Le Nigeria, pays le plus peuplé d’Afrique, élira dans quelques jours son prochain président dans l’un scrutin des plus incertains et volatiles de son histoire. Une bataille sans merci se joue entre trois candidats principaux, dans un contexte de grave crise sécuritaire, d’une économie à genoux, d’âpres divisions ethniques et religieuses, mais surtout de corruption massive et endémique… qui redessine intégralement les « règles » de la démocratie.

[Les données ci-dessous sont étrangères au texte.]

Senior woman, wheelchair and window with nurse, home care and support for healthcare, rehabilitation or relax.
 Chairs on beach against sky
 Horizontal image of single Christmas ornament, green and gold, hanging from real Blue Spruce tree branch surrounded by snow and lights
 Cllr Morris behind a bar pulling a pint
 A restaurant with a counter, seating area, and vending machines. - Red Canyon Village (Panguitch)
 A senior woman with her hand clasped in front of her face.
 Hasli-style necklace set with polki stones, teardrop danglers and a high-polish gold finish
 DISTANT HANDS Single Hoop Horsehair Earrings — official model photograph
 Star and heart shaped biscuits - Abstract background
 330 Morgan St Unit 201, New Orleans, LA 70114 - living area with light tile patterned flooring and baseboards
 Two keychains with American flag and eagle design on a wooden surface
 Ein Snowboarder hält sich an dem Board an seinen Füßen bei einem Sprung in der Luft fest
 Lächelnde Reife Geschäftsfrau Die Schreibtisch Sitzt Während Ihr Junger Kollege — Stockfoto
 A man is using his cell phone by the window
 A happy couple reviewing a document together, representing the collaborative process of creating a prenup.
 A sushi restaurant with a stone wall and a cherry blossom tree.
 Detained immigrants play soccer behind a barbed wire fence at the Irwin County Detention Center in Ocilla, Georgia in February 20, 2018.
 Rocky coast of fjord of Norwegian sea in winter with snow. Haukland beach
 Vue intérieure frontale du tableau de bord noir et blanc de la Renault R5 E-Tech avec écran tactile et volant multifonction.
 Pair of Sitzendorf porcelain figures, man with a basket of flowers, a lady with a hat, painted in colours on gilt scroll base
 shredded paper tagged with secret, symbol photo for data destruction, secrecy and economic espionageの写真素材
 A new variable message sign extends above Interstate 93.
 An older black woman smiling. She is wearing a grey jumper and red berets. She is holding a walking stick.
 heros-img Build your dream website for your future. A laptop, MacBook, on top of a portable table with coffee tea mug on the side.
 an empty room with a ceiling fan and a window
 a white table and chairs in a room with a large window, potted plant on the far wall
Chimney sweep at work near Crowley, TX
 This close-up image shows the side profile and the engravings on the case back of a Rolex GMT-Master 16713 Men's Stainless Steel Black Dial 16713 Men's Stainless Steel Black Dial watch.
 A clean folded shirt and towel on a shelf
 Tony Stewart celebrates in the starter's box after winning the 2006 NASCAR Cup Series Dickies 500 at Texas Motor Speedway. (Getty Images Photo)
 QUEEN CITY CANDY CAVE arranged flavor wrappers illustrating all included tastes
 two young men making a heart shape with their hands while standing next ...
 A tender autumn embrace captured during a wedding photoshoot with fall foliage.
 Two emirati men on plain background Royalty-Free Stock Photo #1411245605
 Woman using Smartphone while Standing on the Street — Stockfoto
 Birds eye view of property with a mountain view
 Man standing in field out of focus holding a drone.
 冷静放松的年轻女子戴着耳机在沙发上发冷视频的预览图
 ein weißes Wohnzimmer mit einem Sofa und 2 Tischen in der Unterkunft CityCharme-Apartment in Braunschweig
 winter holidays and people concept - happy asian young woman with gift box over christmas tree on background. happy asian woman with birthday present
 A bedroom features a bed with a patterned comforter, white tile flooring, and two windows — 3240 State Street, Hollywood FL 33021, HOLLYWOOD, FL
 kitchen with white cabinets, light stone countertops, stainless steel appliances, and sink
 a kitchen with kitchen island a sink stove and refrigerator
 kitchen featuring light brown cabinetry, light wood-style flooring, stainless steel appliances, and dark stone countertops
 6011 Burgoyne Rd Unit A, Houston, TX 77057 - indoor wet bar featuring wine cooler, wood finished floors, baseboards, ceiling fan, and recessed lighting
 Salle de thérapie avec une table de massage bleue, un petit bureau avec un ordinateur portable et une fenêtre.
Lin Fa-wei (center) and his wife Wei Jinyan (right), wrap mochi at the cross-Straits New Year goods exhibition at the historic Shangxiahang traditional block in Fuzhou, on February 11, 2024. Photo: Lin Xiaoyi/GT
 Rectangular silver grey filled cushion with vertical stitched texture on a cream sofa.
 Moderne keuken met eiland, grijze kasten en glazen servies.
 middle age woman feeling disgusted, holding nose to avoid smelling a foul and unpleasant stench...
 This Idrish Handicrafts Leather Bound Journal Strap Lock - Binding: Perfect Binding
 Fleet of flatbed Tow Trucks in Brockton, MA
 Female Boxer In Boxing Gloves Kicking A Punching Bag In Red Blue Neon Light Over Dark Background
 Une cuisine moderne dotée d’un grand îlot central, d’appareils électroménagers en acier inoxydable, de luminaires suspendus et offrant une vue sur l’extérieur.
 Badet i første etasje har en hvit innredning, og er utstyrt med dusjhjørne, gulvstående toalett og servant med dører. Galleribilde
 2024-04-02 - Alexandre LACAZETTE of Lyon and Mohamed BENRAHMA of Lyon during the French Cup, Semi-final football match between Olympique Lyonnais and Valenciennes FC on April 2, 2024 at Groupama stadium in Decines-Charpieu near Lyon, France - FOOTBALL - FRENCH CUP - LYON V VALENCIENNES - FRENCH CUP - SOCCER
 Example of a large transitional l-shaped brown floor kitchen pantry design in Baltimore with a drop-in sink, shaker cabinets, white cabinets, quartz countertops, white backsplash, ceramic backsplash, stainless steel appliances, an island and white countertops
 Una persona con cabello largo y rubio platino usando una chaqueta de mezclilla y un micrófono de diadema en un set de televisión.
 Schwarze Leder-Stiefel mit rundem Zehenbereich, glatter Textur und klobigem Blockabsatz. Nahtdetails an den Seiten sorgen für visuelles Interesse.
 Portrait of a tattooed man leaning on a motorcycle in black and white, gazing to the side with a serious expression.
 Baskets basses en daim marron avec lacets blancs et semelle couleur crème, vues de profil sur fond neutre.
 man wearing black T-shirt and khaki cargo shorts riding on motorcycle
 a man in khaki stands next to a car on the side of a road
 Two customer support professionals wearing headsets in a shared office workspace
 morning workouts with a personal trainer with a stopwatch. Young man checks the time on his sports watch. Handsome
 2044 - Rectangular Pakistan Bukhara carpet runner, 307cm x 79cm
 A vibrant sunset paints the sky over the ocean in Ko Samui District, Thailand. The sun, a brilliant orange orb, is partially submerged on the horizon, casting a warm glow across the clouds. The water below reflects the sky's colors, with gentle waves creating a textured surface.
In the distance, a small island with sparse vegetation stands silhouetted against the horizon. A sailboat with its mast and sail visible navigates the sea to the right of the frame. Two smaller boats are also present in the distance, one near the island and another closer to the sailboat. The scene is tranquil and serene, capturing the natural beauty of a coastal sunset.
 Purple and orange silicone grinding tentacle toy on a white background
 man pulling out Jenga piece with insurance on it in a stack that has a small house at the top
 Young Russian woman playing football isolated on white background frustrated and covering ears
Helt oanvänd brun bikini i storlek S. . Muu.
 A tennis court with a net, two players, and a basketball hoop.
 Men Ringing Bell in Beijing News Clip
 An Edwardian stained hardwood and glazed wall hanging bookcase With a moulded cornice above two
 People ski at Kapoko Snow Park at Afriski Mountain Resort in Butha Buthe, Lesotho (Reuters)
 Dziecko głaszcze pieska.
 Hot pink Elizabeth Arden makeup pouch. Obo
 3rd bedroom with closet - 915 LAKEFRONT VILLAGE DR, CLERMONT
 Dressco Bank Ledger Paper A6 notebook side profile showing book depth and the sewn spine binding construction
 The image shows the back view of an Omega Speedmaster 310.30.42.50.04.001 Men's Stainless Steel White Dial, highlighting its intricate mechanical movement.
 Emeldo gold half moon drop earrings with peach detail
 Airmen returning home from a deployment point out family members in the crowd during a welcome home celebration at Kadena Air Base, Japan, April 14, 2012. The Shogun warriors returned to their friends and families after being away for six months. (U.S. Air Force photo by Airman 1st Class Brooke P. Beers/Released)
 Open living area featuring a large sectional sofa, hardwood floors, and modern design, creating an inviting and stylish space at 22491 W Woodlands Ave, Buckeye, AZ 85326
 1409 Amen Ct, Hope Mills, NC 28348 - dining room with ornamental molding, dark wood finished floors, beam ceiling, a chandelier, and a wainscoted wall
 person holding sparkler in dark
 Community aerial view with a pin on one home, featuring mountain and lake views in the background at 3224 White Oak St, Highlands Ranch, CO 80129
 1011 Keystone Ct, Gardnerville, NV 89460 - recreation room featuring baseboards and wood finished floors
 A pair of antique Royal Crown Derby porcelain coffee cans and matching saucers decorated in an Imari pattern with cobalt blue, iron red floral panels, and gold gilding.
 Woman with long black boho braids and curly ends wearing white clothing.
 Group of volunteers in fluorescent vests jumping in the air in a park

Pendant près d’un an, Peter Obi, l’outsider qui vient bousculer la candidature des deux partis historiques, a mené campagne. Il a organisé des réunions communautaires de supporters, a fait remonter leurs doléances, il a réfléchi à sa stratégie de communication sur les réseaux sociaux, il a convoqué la presse locale, mené des interviews, il a rencontré des hommes d’affaires, espérant les convaincre de lui apporter leur soutien, il a élaboré un programme électoral, proféré des promesses peu réalistes… Bref, il a fait de la politique. Et même si personne ne peut faire de pronostics sur l’issue de ce scrutin extrêmement serré, c’est peut-être bien ce qui le conduira à son échec face à ses deux opposants, Bola Tinubu (APC, parti au pouvoir) et Abubakar Atiku (PDP), dinosaures de la politique nigériane, souvent détestés, réputés ultra corrompus et à la limite de la sénilité.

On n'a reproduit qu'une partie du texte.